Título: Mercado russo perde US$ 10 bi com conflito
Autor: Oswald, Vivian
Fonte: O Globo, 24/08/2008, Economia, p. 39

Guerra com a Geórgia e ações do BC para conter queda do rublo abrem rombo de US$16 bi nas reservas

Vivian Oswald

MOSCOU. Os conflitos iniciados há duas semanas entre Rússia e Geórgia serviram de combustível para o pessimismo dos investidores estrangeiros no mercado russo. Temerosos com respeito à duração da guerra e seus efeitos sobre a economia, eles tiraram entre US$8 bilhões e US$10 bilhões do país apenas entre os dias 10 e 15 de agosto.

Essa semana, a Bolsa russa caiu para os níveis de novembro de 2006. Nem no auge da crise imobiliária americana, o mercado de ações russo foi tão afetado. O rublo, que vinha mantendo tendência de alta em relação à moeda americana há mais de um ano, caiu pela primeira vez. Nos últimos dez dias, um dólar voltou a oscilar na casa dos 24 rublos, o que não acontecia desde o dia 6 de março.

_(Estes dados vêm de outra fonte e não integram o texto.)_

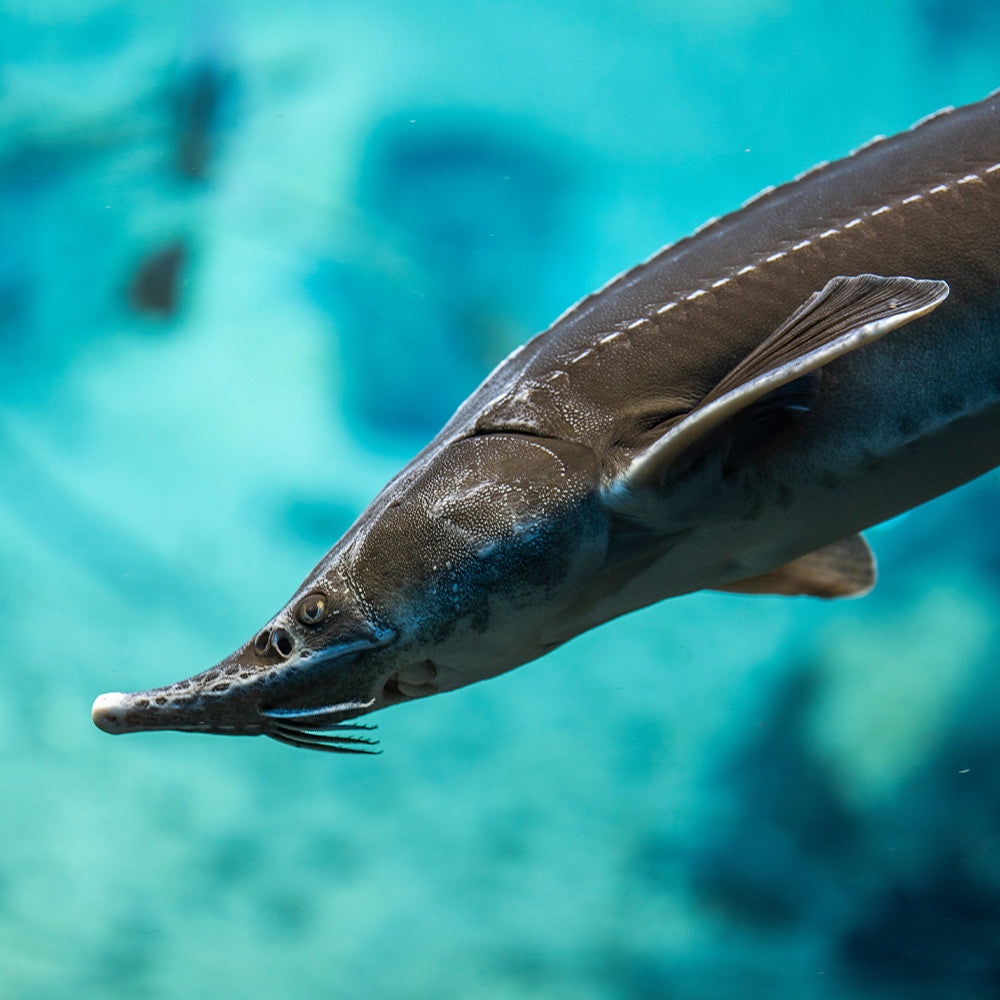 Close-up of a lake sturgeon swimming in blue water, showing its long snout, whisker-like barbels, and ridged body.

A saída rápida dos recursos estrangeiros e a atuação do Banco Central da Rússia para conter a queda do rublo deixaram um rombo de US$16,4 bilhões nas reservas internacionais do país desde o primeiro dia dos conflitos. Trata-se de uma queda importante, a maior desde agosto de 2006, quando o país pagou uma parcela de US$22,3 bilhões de sua dívida com o Clube de Paris. À época, o impacto sobre as reservas fora de US$16,5 bilhões.

Bolsa amarga queda de 30% no ano

Mesmo assim, ainda há gordura a queimar. O nível das reservas continua sendo o terceiro maior do mundo. Com US$597,5 bilhões, o país perde apenas para a China e o Japão.

Mas o problema do mercado russo neste momento, segundo os analistas financeiros, não é apenas o conflito no Cáucaso e seus impactos imediatos. O cenário já era de notícias ruins antes mesmo de a Rússia responder aos ataques da Geórgia no enclave separatista da Ossétia do Sul.

¿ O impacto da guerra é pequeno, de certa forma. Ele deteriora um cenário que já era ruim e, por isso, complica ainda mais a situação. Estamos diante de uma combinação ruim de fatores ¿ afirma a especialista do Renaissance Capital, Katya Malafeeva.

As bolsas de valores da Rússia vinham obtendo o melhor desempenho entre os mercados emergentes recentemente. No entanto, já amargam uma queda de 30% desde o início do ano.

O mercado americano continua assombrando os investidores. Quem tem recursos em outras praças acaba tendo que usar o dinheiro para compensar as perdas nos Estados Unidos. Além disso, a recente queda-de-braço entre o governo russo e grandes empresas que operam no país também causaram medo.

A Mechel, gigante russa de carvão e aço, estava sendo investigada por cartel numa ação do governo para tentar conter os preços da economia. Durante as investigações, o primeiro-ministro Vladimir Putin fez duras críticas à companhia em público e ainda a acusou de fazer transferência de preços e evasão fiscal. O caso teria lembrado o de outras empresas nacionais que acabaram sendo fechadas ou vendidas, como a petrolífera Yukos, que faliu. Com as declarações do primeiro ministro, as ações da Mechel caíram mais de 25,57% só na bolsa de Nova York. Em Moscou, a queda chegou a 38,5%. Em poucos dias, a companhia passou a valer cerca de US$8 bilhões a menos.

Queda do petróleo afetará orçamento

A própria guerra declarada pelo governo à companhia anglo-russa TNK-BP, com uma série de investigações em curso, além do cancelamento dos vistos de vários funcionários e acusações de espionagem, também tem sua parte nas tensões do mercado.

Por enquanto, o nível das reservas internacionais ainda é alto. E o governo também conta com o fundo de estabilização, criado em 2004 com receitas de petróleo. Trata-se de uma espécie de colchão que pode ser usado para novos investimentos na economia de mais de US$150 bilhões. Mas os preços do petróleo também estão caindo.

A turbulência do curto prazo pode acabar antecipando problemas. Esta semana, o ministro das Finanças, Alexei Kudrin, apresentou o orçamento para os próximos três anos. O documento considera uma queda dos preços do barril de petróleo para US$95, o que é significativo em comparação à média de US$112 da semana passada. Projeta-se ainda uma queda para US$90 por barril em 2010 e US$88, em 2011. Segundo o ministro é bem possível que, a partir de 2015, o país tenha que usar o fundo de estabilização. Nada pior para um país cujas receitas dependem em boa parte do produto. Pelo menos metade dos recursos do orçamento russo vem dos ganhos com petróleo.